┌─ Records shown
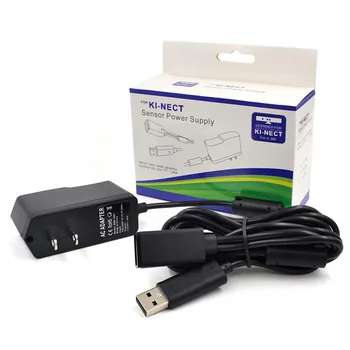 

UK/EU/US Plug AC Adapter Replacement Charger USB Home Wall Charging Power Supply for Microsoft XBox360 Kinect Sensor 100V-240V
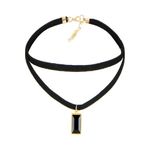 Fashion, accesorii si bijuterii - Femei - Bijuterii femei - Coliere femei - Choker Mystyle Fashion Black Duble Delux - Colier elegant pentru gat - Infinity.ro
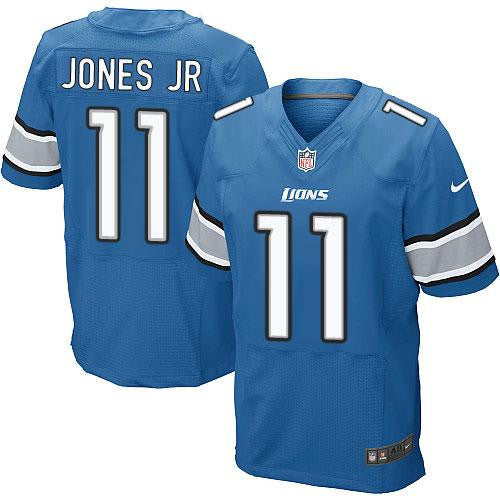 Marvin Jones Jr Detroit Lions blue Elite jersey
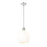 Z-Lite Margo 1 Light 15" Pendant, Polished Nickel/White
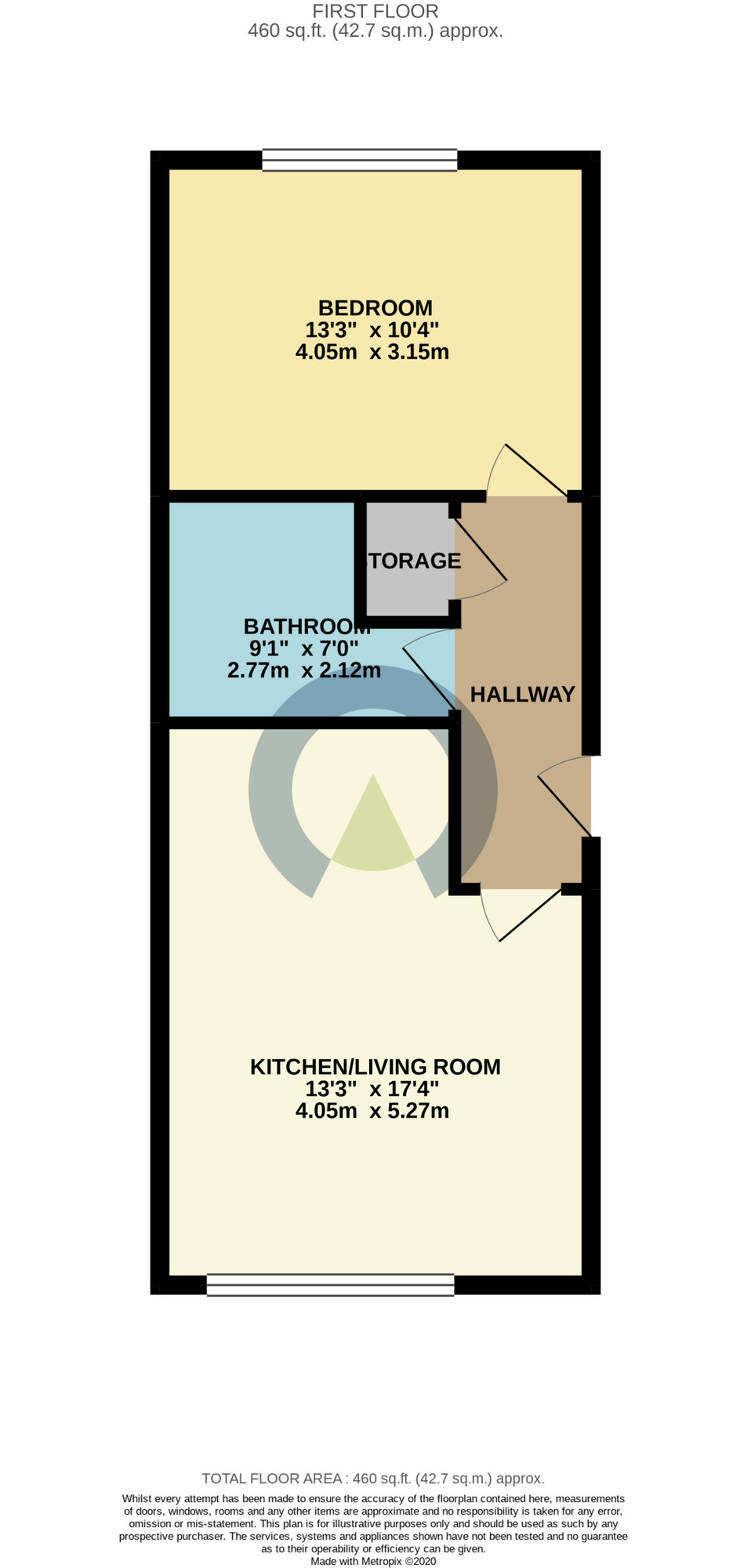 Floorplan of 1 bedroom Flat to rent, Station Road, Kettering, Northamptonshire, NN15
└─
┌─ Records shown
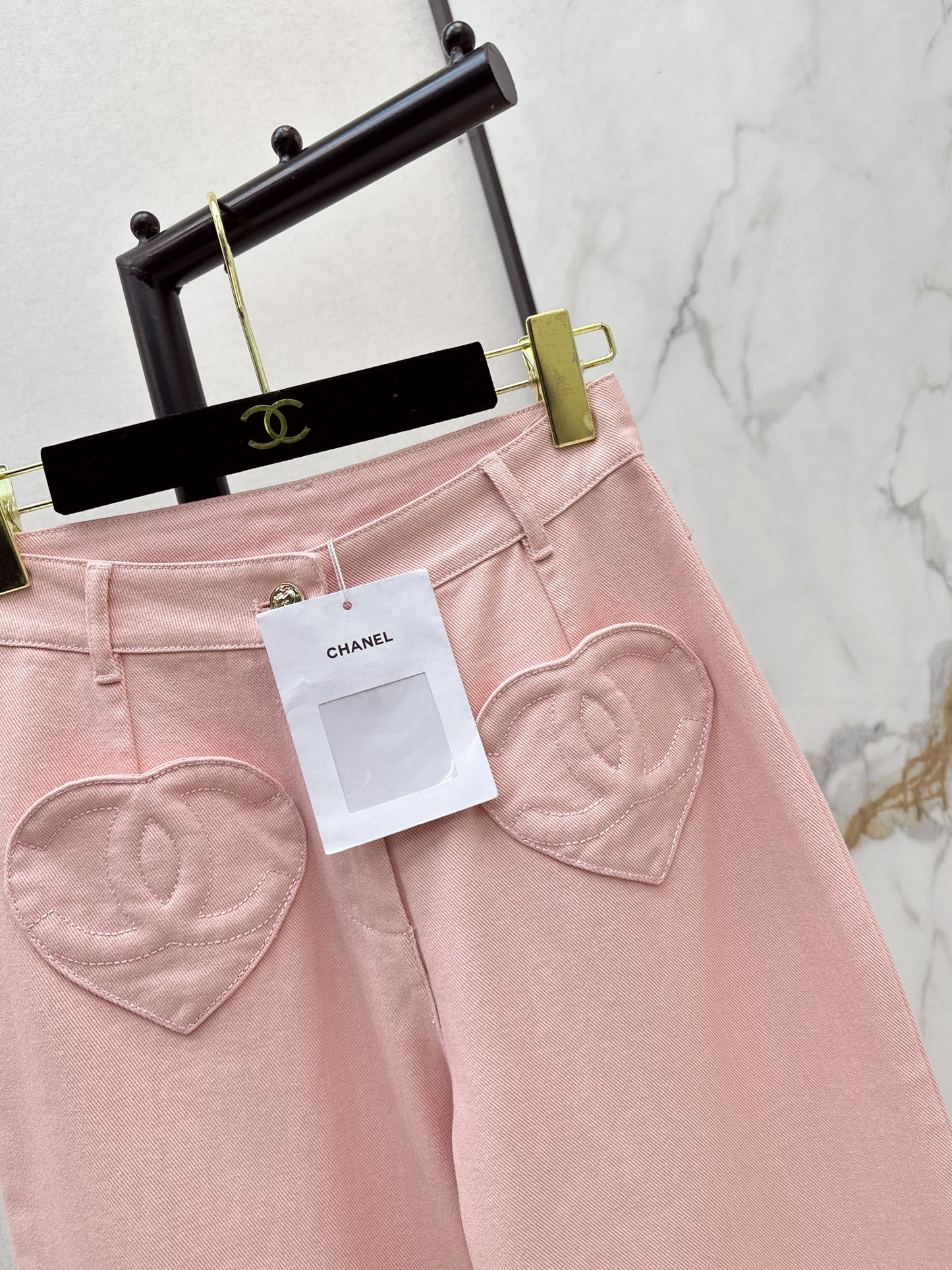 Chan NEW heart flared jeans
└─
┌─ Records shown
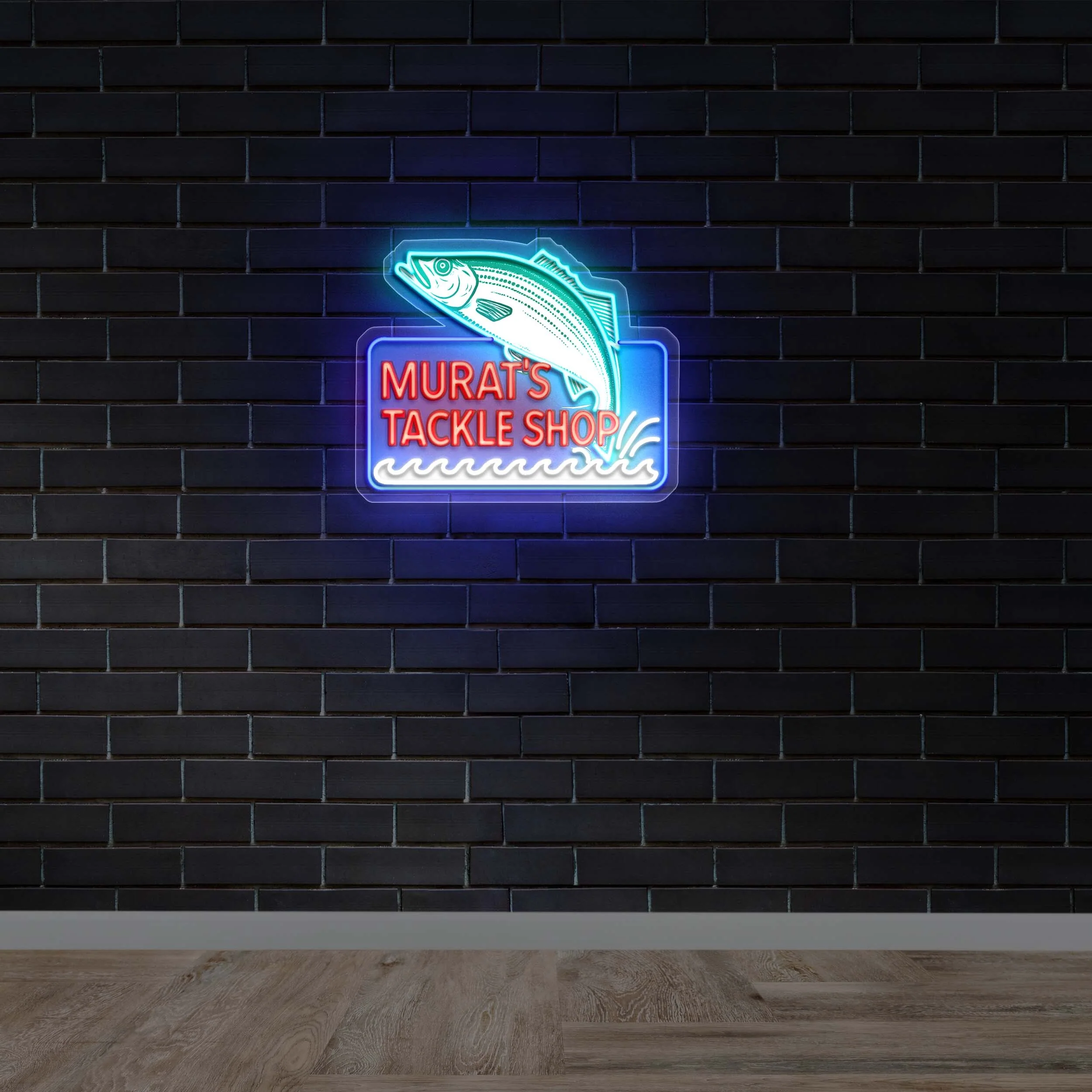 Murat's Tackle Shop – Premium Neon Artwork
└─
_Task statement_
Line for line, output the entries above from the line with "Marvin Jones Jr" to the line with "Floorplan of 1", both included, and nothing more. Skip pictures.

_Output_
 Marvin Jones Jr Detroit Lions blue Elite jersey
 Z-Lite Margo 1 Light 15" Pendant, Polished Nickel/White
 Floorplan of 1 bedroom Flat to rent, Station Road, Kettering, Northamptonshire, NN15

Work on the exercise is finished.